Silicon is the cheapest IR material available. Both P-type and N-type substrates are acceptable for IR optics as long as they offer a transmission greater than 50% at a wavelength between 1.5 and 6 microns. In general terms, for type N, the resistivity must be greater than 20 ohm-cm and, for type P, greater than 40 ohm-cm. For use in the near IR, this is not so important, but for applications for far IR, the resistivity can be critical. Float Zone Silicon meets the criteria for optical use.

Uses of silicon wafers

The main use of silicon wafers is in integrated circuits.
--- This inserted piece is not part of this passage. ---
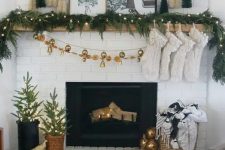 a modern glam Christmas mantel with an evergreen and light garland, white stockings, mini bottle cleaner trees and winter photos plus a bell garland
Integrated circuits feed many of the devices that modern society uses every day. Computers and smartphones are just two of the devices that depend on this technology. Although the other semiconductors have been tested overtime, silicon wafers has proven to be a stable option. Other uses include sensors, such as the tire pressure sensor system and solar cells. Silicon slices absorb photons from sunlight and this in turn generates electricity. Silicon wafers are also used for various nanomaterial coating applications such as biosensitivity.